• THE PROBLEM: If any record holds an image, omit the image and print the rest exactly.
....
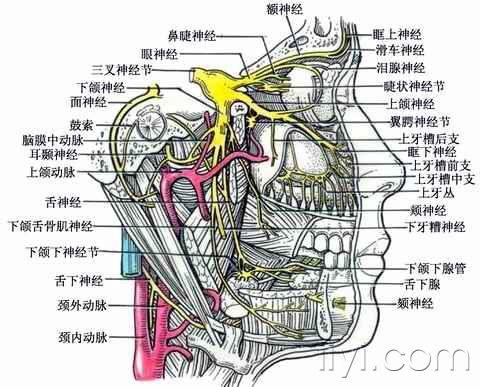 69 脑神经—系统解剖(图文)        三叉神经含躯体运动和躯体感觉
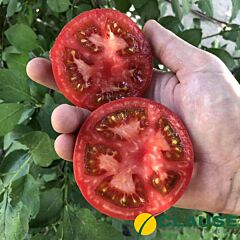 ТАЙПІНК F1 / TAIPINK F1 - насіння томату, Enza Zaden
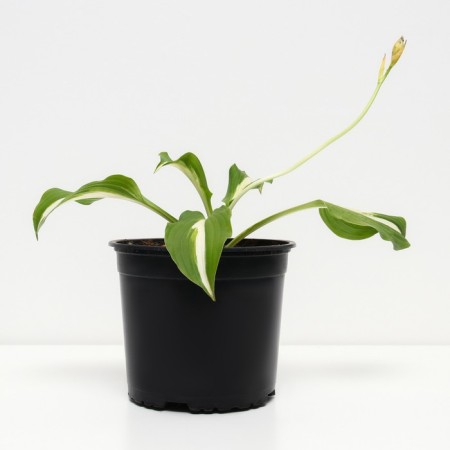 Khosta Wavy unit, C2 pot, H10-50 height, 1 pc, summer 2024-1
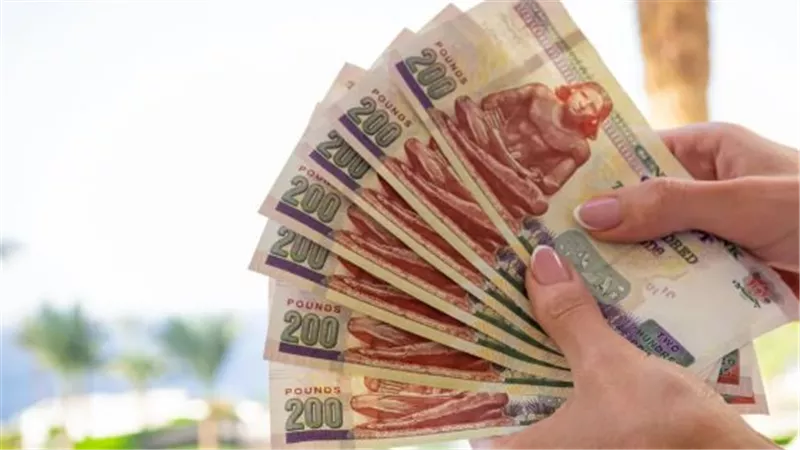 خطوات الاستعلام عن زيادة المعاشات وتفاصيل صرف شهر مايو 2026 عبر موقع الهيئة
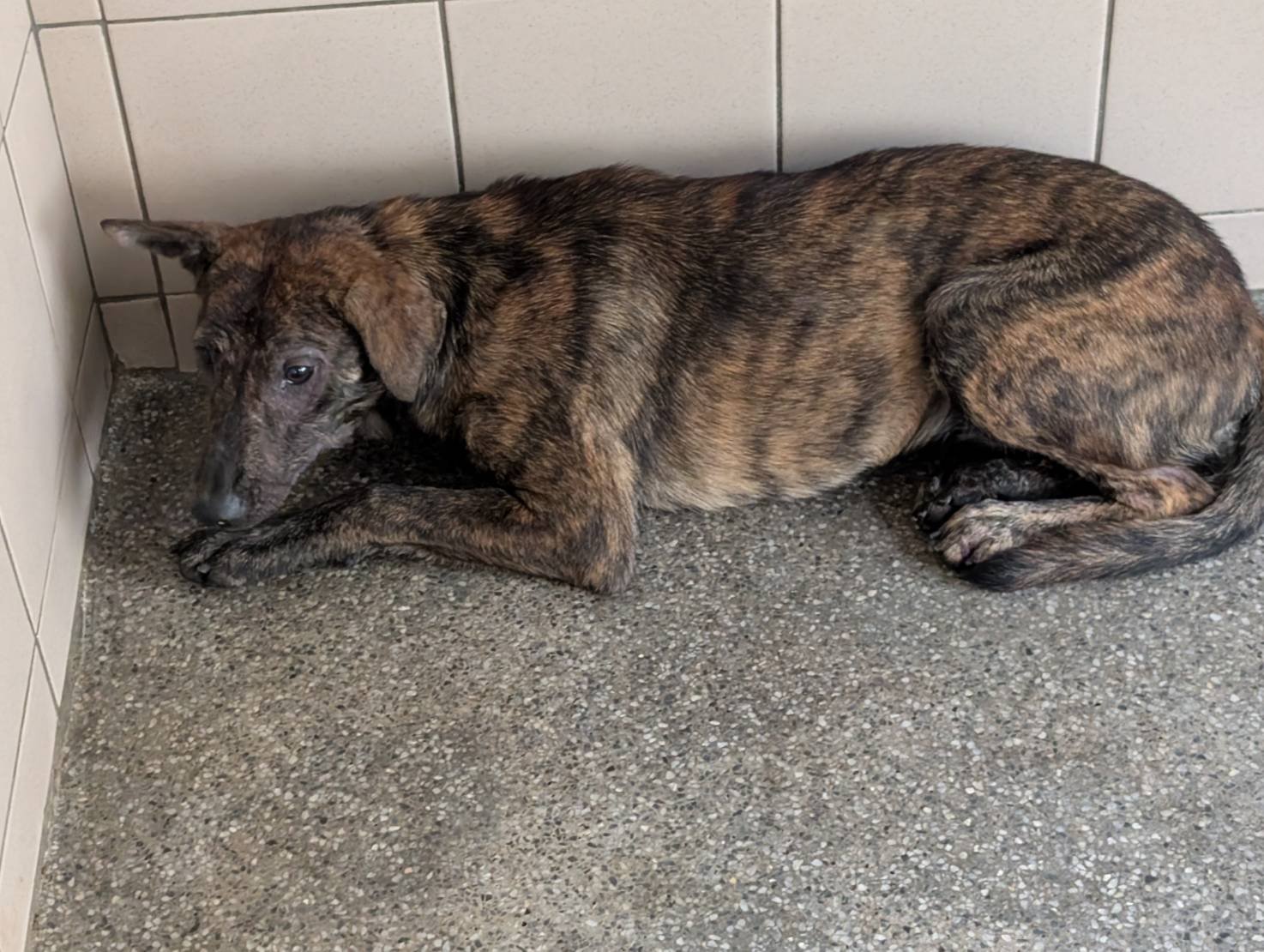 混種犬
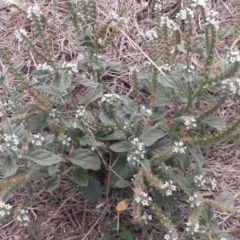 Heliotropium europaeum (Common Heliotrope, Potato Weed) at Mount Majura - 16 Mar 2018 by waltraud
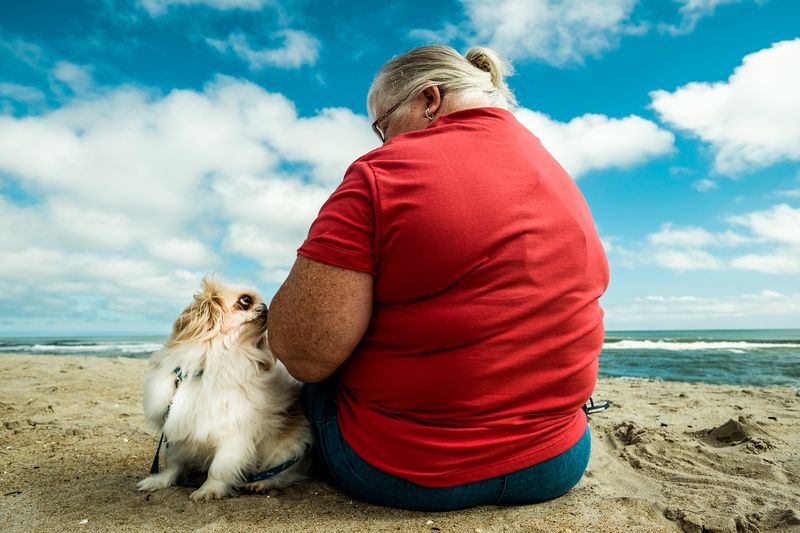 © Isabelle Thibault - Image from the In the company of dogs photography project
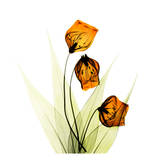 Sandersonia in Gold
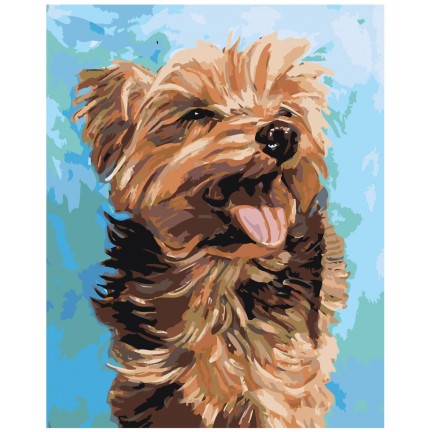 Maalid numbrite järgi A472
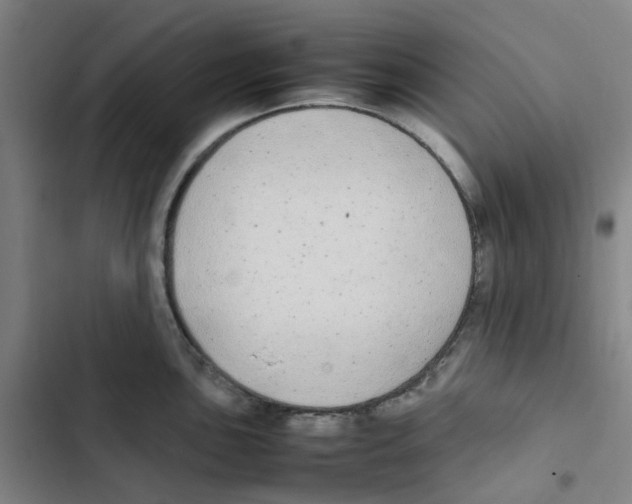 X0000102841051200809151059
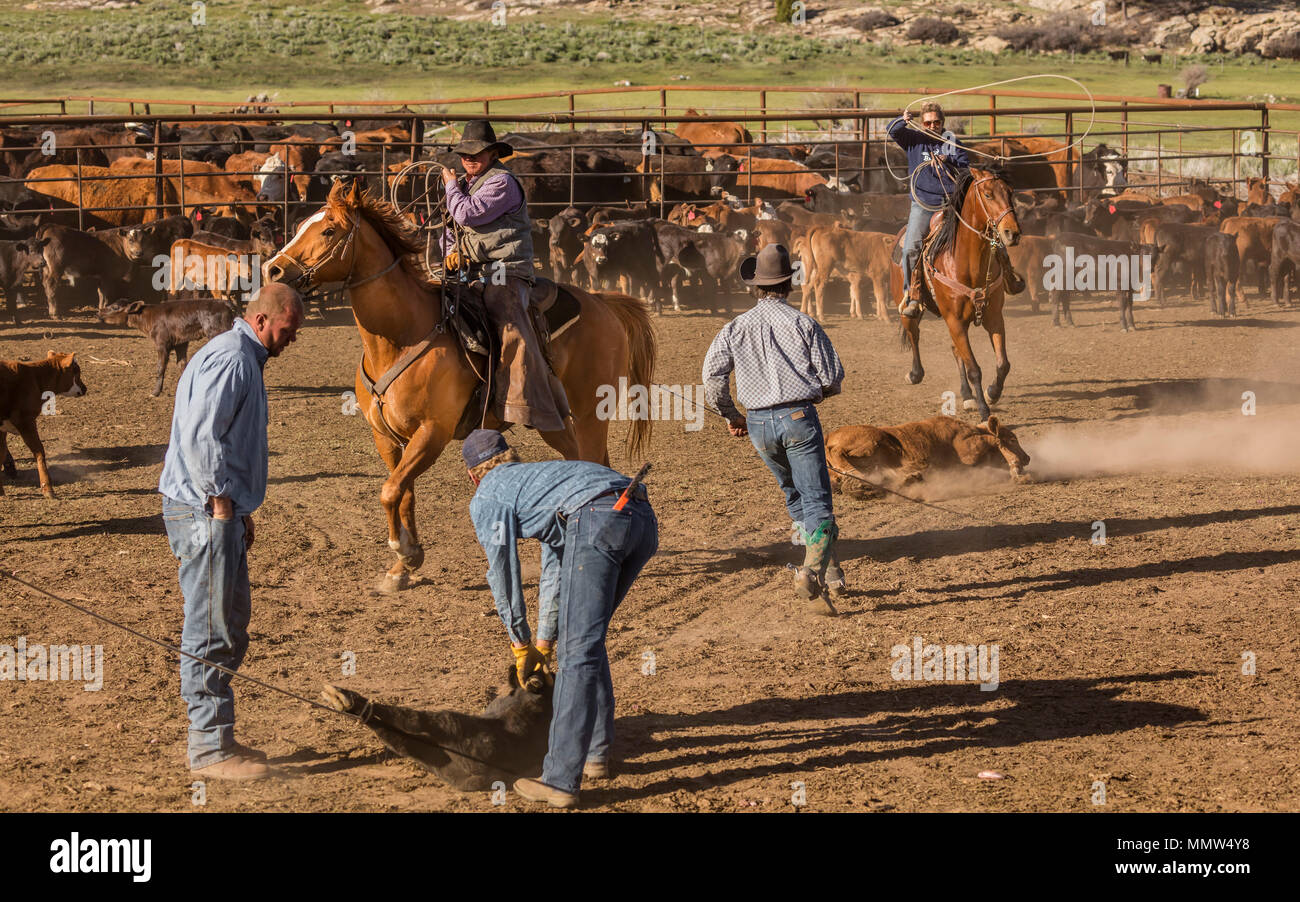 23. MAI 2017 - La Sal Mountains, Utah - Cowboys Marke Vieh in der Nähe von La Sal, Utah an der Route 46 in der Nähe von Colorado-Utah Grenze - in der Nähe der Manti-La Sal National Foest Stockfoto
....
• RESPONSE BOX:
 69 脑神经—系统解剖(图文)        三叉神经含躯体运动和躯体感觉
 ТАЙПІНК F1 / TAIPINK F1 - насіння томату, Enza Zaden
 Khosta Wavy unit, C2 pot, H10-50 height, 1 pc, summer 2024-1
 خطوات الاستعلام عن زيادة المعاشات وتفاصيل صرف شهر مايو 2026 عبر موقع الهيئة
 混種犬
 Heliotropium europaeum (Common Heliotrope, Potato Weed) at Mount Majura - 16 Mar 2018 by waltraud
 © Isabelle Thibault - Image from the In the company of dogs photography project
 Sandersonia in Gold
 Maalid numbrite järgi A472
 X0000102841051200809151059
 23. MAI 2017 - La Sal Mountains, Utah - Cowboys Marke Vieh in der Nähe von La Sal, Utah an der Route 46 in der Nähe von Colorado-Utah Grenze - in der Nähe der Manti-La Sal National Foest Stockfoto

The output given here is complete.